Copy nothing but the lines from the opening of the entries through the line that contains "Hi, my name", exactly as written. Drop the pictures.

Collected data:
--

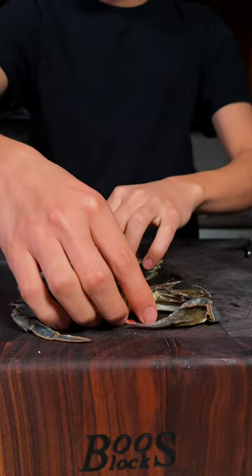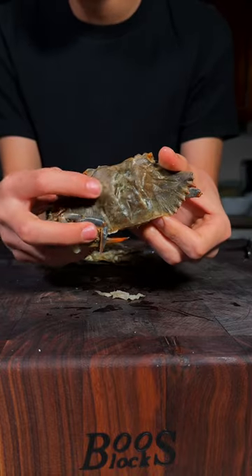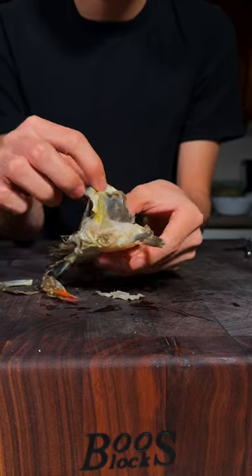Let's make a soft-shell crab. Beautiful soft-shell crabs from Sizzlefish. You can actually eat the whole thing on this crab. The shell is super soft. Make sure you remove the face and the gills.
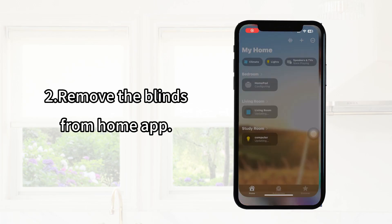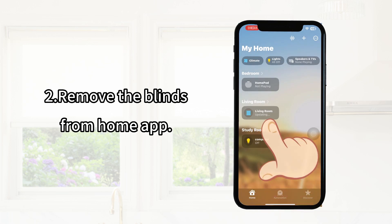If the previous operation doesn't work, remove the blinds from the Home app.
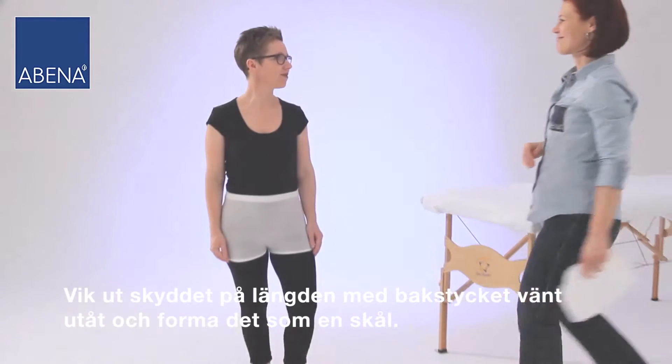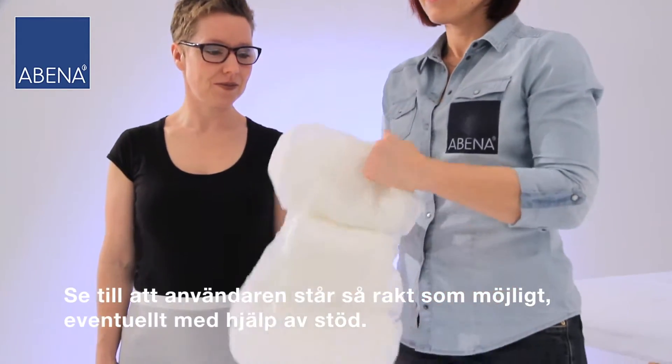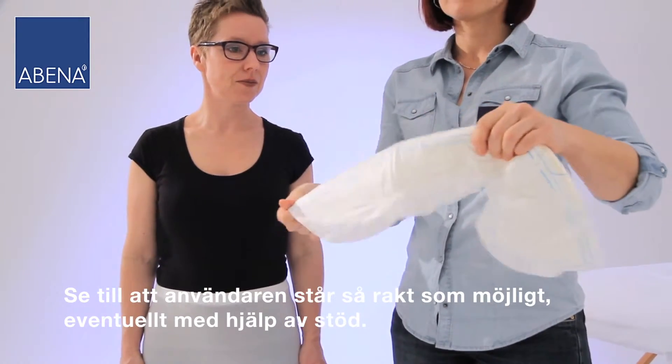Fold the pad lengthways with the back sheet turned outwards and form it like a bowl. Make sure the client stands as straight as possible, possibly with support.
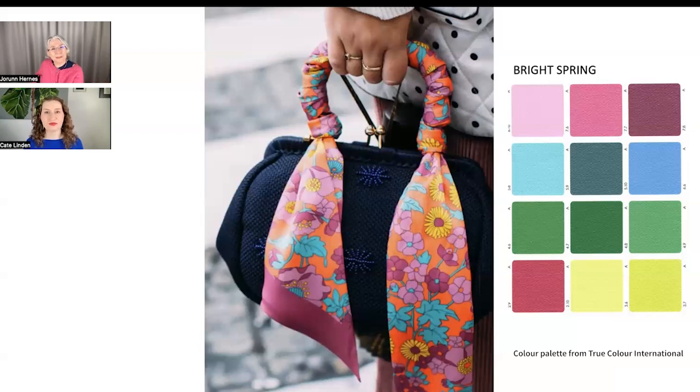The way you use this scarf as an embellishment makes the navy not so heavy. Bright spring has a bit of winter in it, so that dark clear navy is a beautiful neutral, but this is a really interesting way to bring some fun and changeability into your accessories.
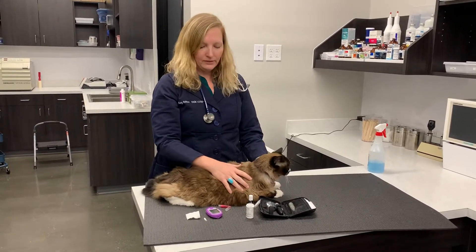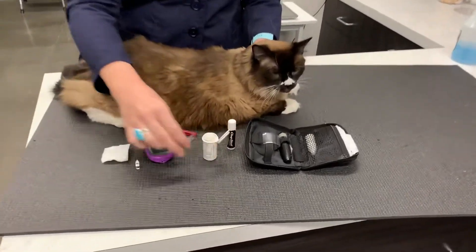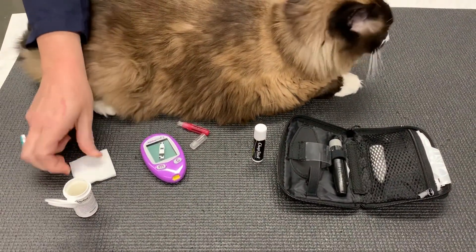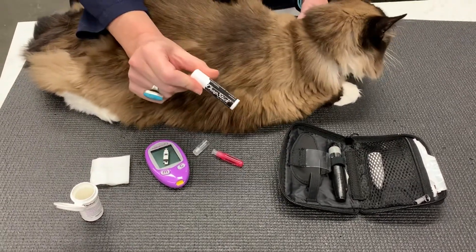We have little Belle here and I'm going to show you the supplies we need. We need our AlphaTrac II, our test strips here which look like this, a little piece of gauze, a 25-gauge needle, and some old-fashioned chapstick.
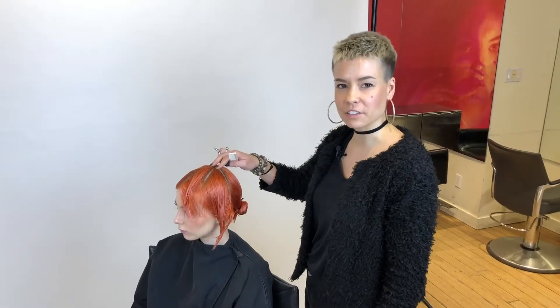Hi, my name is Tracy and today I will be teaching you a classic short round layer. The two techniques that I will be focusing on are elevation and over direction.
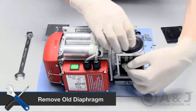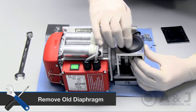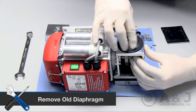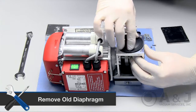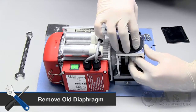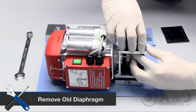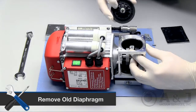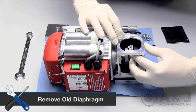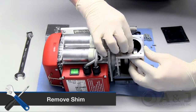Use your fingers to gently loosen the edges of the diaphragm. Simultaneously use the other hand to push up the shaft while turning the diaphragm in a counterclockwise motion to remove it. This is to prevent the shim on the bottom of the diaphragm from falling down and getting lost. Take the shim out from the compartment and place off to the side.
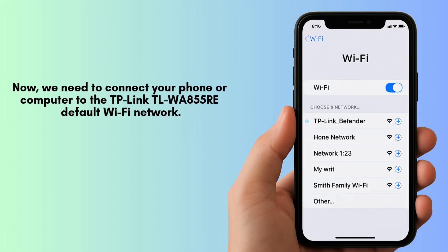Now, we need to connect your phone or computer to the TP-Link Extender default Wi-Fi network. Look for a Wi-Fi network that starts with TP-Link underscore extender in your device's Wi-Fi settings.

--

**Answer for this exercise**
Let's make a soft-shell crab. Beautiful soft-shell crabs from Sizzlefish. You can actually eat the whole thing on this crab. The shell is super soft. Make sure you remove the face and the gills.
If the previous operation doesn't work, remove the blinds from the Home app.
Fold the pad lengthways with the back sheet turned outwards and form it like a bowl. Make sure the client stands as straight as possible, possibly with support.
The way you use this scarf as an embellishment makes the navy not so heavy. Bright spring has a bit of winter in it, so that dark clear navy is a beautiful neutral, but this is a really interesting way to bring some fun and changeability into your accessories.
We have little Belle here and I'm going to show you the supplies we need. We need our AlphaTrac II, our test strips here which look like this, a little piece of gauze, a 25-gauge needle, and some old-fashioned chapstick.
Hi, my name is Tracy and today I will be teaching you a classic short round layer. The two techniques that I will be focusing on are elevation and over direction.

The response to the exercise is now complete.